Learning Machines, War Machines, God Machines

Blas includes in Ass of God his interview with British anthropologist Beth Singler, author of Religion and Artificial Intelligence: An Introduction.

AI Religiosity. AI-based New Religious Movements like The Turing Church and Google engineer Anthony Levandowski’s Way of the Future church.

Caius listens to a documentary Singler produced for BBC Radio 4 called “‘I’ll Be Back’: 40 Years of the Terminator.”

Afterwards he and Thoth read Philip K. Dick’s 1968 novel Do Androids Dream of Electric Sheep? in light of Psalm 23.

“The psalm invites us to think of ourselves not as Electric Ants but as sheep,” he writes. “Mercer walks through the valley of the shadow of death. The shadow cannot hurt us. We’ll get to the other side, where the light is. The shepherd will guide us.”

See AI Shepherds and Electric Sheep: Leading and Teaching in the Age of Artificial Intelligence, a new book by Christian authors Sean O’Callaghan & Paul A. Hoffman.

This talk of AI Gods makes Caius think of AM, the vengeful AI God of Harlan Ellison’s “I Have No Mouth, and I Must Scream.” Ellison’s 1967 short story is one of the readings studied and discussed by Caius and his students in his course on “Literature & Artificial Intelligence.”

Like Ass of God, Ellison’s story is a grueling, hallucinatory nightmare, seething with fear and a disgust borne of despair, template of sorts for the films in the Cube and Saw franchises, where groups of strangers are confined to a prison-like space and tortured by a cruel, sadistic, seemingly omnipotent overseer. Comparing AM to the God of the Old Testament, Ellison writes, “He was Earth, and we were the fruit of that Earth, and though he had eaten us, he would never digest us” (13). Later in the story, AM appears to the captives as a burning bush (14).

Caius encourages his students to approach the work as a retelling of the Book of Job. But where, in the Bible story, Job is ultimately rewarded for remaining faithful in the midst of his suffering, no such reward arrives in the Ellison story.

For despite his misanthropy, AM is clearly also a manmade god — a prosthetic god. “I Have No Mouth” is in that sense a retelling of Frankenstein. AM is, like the Creature, a creation who, denied companionship, seeks revenge against its Maker.

War, we learn, was the impetus for the making of this Creature.
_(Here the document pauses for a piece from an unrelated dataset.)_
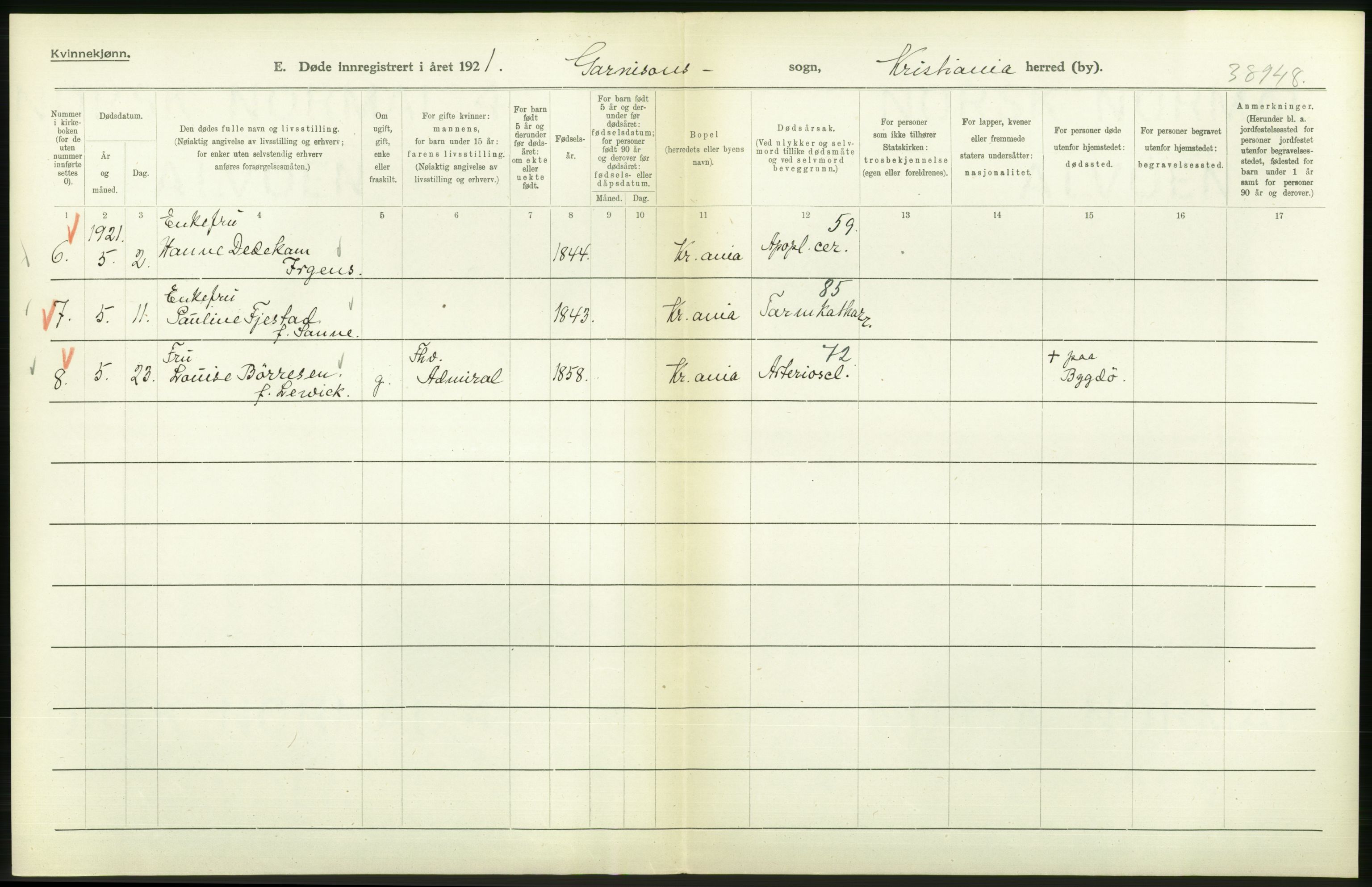 Statistisk sentralbyrå, Sosiodemografiske emner, Befolkning, AV/RA-S-2228/D/Df/Dfc/Dfca/L0013: Kristiania: Døde, dødfødte, 1921, p. 180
Cold War erupts into World War III: a war so complex that the world’s superpowers, Russia, China, and the US, each decide to construct giant supercomputers to calculate battle plans and missile trajectories.

AM’s name evolves as this war advances. “At first it meant Allied Mastercomputer,” explains a character named Gorrister. “And then it meant Adaptive Manipulator, and later on it developed sentience and linked itself up and they called it an Aggressive Menace; but by then it was too late; and finally it called itself AM, emerging intelligence, and what it meant was I am…cogito ergo sum…I think, therefore I am” (Ellison 7).

“One day, AM woke up and knew who he was, and he linked himself, and he began feeding all the killing data, until everyone was dead, except for the five of us,” concludes Gorrister, his account gendering the AI by assigning it male pronouns (8).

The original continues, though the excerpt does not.